It is important to understand that palliative care is not synonymous with end-of-life care. Shifting the focus from disease management to symptom management is a spectrum, and one does not preclude the other. In patients such as this, with severe disease, troubling daily symptoms and frequent exacerbations, early palliative care involvement is essential (although it can be difficult to access). This is the ideal time to plan, with the patient and his family, what his future care should look like. Three pillars can be considered – advanced care planning, symptom palliation and support for caregivers.

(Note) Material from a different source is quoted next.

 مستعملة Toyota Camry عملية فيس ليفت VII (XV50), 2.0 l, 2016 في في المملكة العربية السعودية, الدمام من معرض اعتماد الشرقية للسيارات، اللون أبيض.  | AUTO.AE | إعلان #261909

Assuming the patient has mental capacity, it is worth considering an Advanced Directive, which outlines which treatments they would like to refuse in the event of losing mental capacity, and (a person can hold both) a Lasting Power of Attorney, which appoints someone else to make health and welfare decisions on their behalf if you lack capacity.
A care plan should include the patient’s wishes regarding exacerbation management, such as admission to hospital and non-invasive ventilation, and their preferred place of care and death and resuscitation, along with a general discussion regarding disease trajectory, symptom management and an assessment of the patient’s psychological and spiritual needs. This should be documented and recorded in the medical record and shared appropriately with local NHS services (such as out-of-hours).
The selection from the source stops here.